++++ Stored data
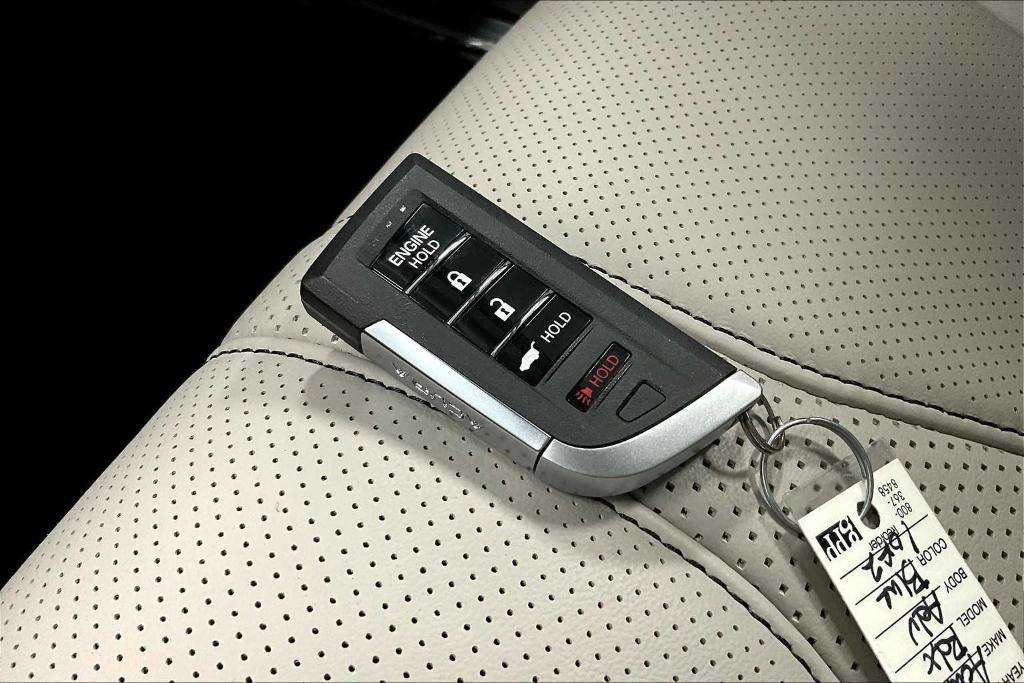 new 2025 Acura RDX car, priced at $53,800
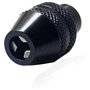 Bestgle 2 Pack Universel Mandrin Sans Clé Multi Changement Rapide Outil Pour Dremel 4486 Outils Rotatifs 3000 4000 7700 8200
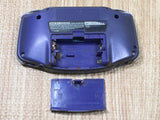 LG7026 Not Working - GameBoy Advance Violet Console Nintendo Japan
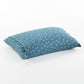 J-Life Tombo Blue #2 Buckwheat Hull Pillow_Pillows & Shams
++++++++
Work request: Starting from the line that has "Bestgle 2 Pack" and ending at the last line of the material above, every line should be output exactly; pictures are dropped and nothing else appears.

Problem solution:
 Bestgle 2 Pack Universel Mandrin Sans Clé Multi Changement Rapide Outil Pour Dremel 4486 Outils Rotatifs 3000 4000 7700 8200
 LG7026 Not Working - GameBoy Advance Violet Console Nintendo Japan
 J-Life Tombo Blue #2 Buckwheat Hull Pillow_Pillows & Shams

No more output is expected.